TASK PROMPT |
Restate word for word the lines of the entries below, starting with the line that holds "Latvijas olimpieši iedvesmo" and ending with the line that holds "Paradise Inn And", and no others.

*** Opening DATA RECORDS ***

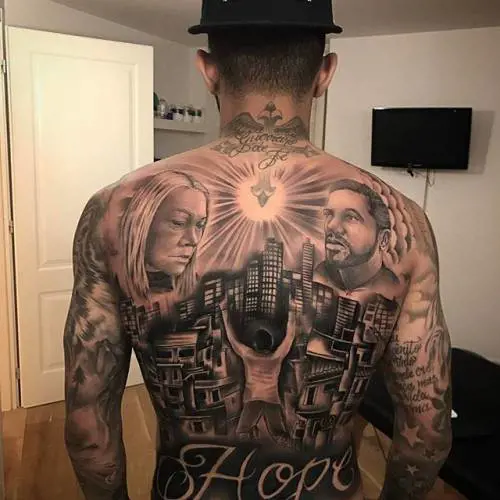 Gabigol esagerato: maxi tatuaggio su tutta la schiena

*** Closing DATA RECORDS ***
*** Opening DATA RECORDS ***

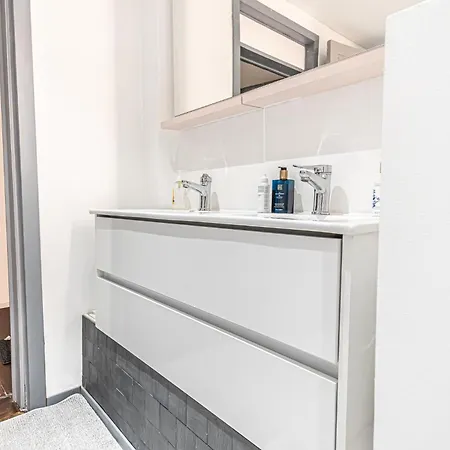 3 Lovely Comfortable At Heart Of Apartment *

*** Closing DATA RECORDS ***
*** Opening DATA RECORDS ***

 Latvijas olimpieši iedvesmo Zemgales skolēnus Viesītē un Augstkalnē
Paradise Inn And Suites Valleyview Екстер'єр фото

*** Closing DATA RECORDS ***

RESPONSE TO THIS TASK |
 Latvijas olimpieši iedvesmo Zemgales skolēnus Viesītē un Augstkalnē
Paradise Inn And Suites Valleyview Екстер'єр фото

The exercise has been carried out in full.